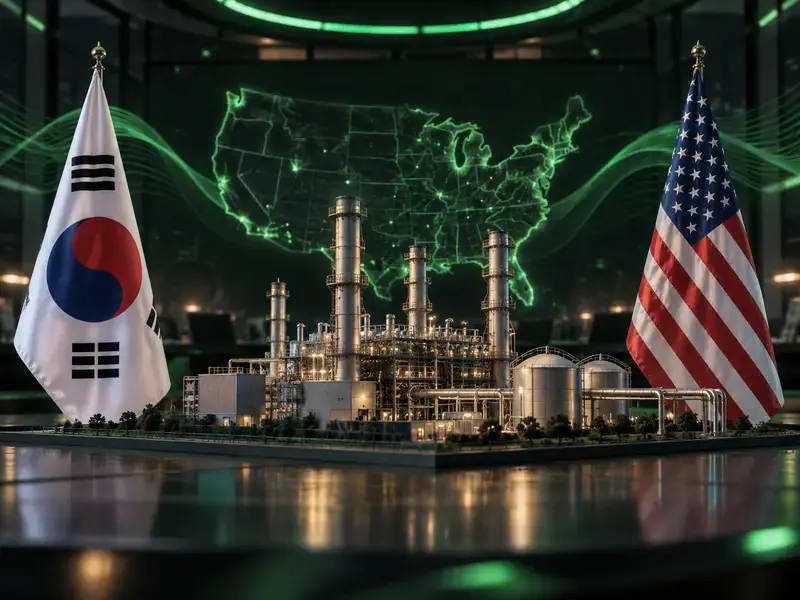Korea Selatan Investasi $22,3 Miliar Bangun Proyek PLT Gas di AS Untuk Dukung Infrastruktur AI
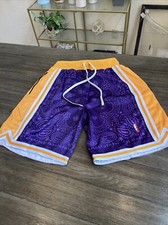 Collect Select Lakers Shorts Size XL-Laker Nation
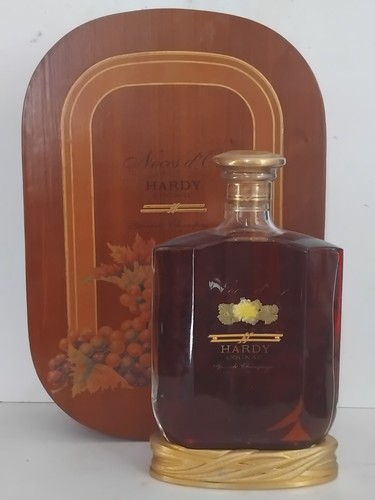 Bouteille carafe cognac hardy - bouteille,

_ _ _

Reproduce the listing in full and exactly, excluding any pictures it holds.

### Answer space
Korea Selatan Investasi $22,3 Miliar Bangun Proyek PLT Gas di AS Untuk Dukung Infrastruktur AI
 Collect Select Lakers Shorts Size XL-Laker Nation
 Bouteille carafe cognac hardy - bouteille,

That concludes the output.